After I finished reading the novel The Stand by famed horror writer Stephen King, I began thinking about the various thematic aspects of the book. After a long time sitting wordless at my laptop, I decided that I’d go and have a cup of coffee or three before contemplating the matter any more, as it could very well be dangerous to do any serious amount of thinking while the super bowl is still fully immersed in the death-throes of good entertainment. Now that it is quite a few weeks later, the book has had sufficient time to digest, and I believe I have something useful to say on the subject.
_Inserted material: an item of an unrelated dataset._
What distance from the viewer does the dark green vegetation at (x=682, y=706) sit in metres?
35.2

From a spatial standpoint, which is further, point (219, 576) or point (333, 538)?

The Stand is, in Mr. King’s own words, a tale of “dark Christianity.” This is a very good way to put it, as it seems to focus on what is commonly referred to as an Old Testament perspective on God. Some prominent cultural figures such as Richard Dawkins cites what they see as the sadistic tendencies of the Hebrew “Yahweh” as ample proof not to consider Christianity a worthy belief system; they would prefer to view it as the symbol of oppression ever since its birth. What many fail to see is that the statement of the Old Testament is one of hope, a hope that is fulfilled in the New Testament introduction of the main character of time: Jesus Christ of Nazareth. Similarly, in The Stand, the statement of the book is one of hope. Hope that this present world can change without something so terribly drastic as a large-scale apocalyptic divine intervention, such as the super-flu virus the main characters of the book all experience in all its strange and seemingly-absurd terror. Although we cannot presume to know the mind of God, it seems reasonable to believe that Jesus’ promise of the holy spirit’s work in the world is sufficient to provide against this kind of retribution. Stephen King’s use of the divine in his novels has been declared a brilliant compromise between the moralistic determinism of explicitly Christian novel such as the Narnia Chronicles – in which we know from essentially the first page that all will end up right in the end – and the amoral, nihilistic absurdism which so thoroughly and annoyingly permeates the culture of our day. Rather, King chooses to have God remain a seemingly aloof deity whose interests in the present sufferings of humanity are contingent upon some kind of “bigger plan” of which humanity is incapable of comprehending, due to our finite perspective on matters. This is true in part: God certainly does seem to let His people suffer and lose battles so that greater spiritual ends may be achieved in a fullness only He can see. And yet, God is not aloof at all, having offered salvation to humanity in a most personal manner.
One of the effective subtleties of the over-arching message of The Stand is how different humanity perceives life and events when the safe-guards of society have either been upended or removed entirely. In the paranoid, fearful uncertainty that follows the eradication of 99% of humanity via an engineered super-flu virus, virtually everyone is willing to admit a supernatural element to an uncanny phenomenon entailing a shared type of nightmare that prior to the death of the vast majority of humanity would have been written off as a glitch in the collective unconscious at most (and even that would have been accepted only in the most progressive intellectual circles). But in a society that lives in fear of things supposedly conquered eons ago, a theocratic government centered around a mysterious, prophetic character seems a much more rational option than a secular democracy, which has the potential of being incredibly weak when population is minimal (the Greek city states are a common historical example: their destruction at the hands of Philip of Macedon can be attributed to the fractured nature of a democracy when not supported by a good-sized populace). We seem, as humans, to forget that the means to which we have achieved dominance over the earth has been supported by the structure of a religious tradition. From an objective perspective, the reason the West has achieved a kind-of perceived international superiority can be traced to a philosophical structure intricately linked to Christian tradition. In The Stand all of the characters were children of our supposedly post-Christian society, and yet belief in God was demonstrated to be an inevitability in the re-foundation of a structurally-sound secular society. These are things it would be well for us to remember.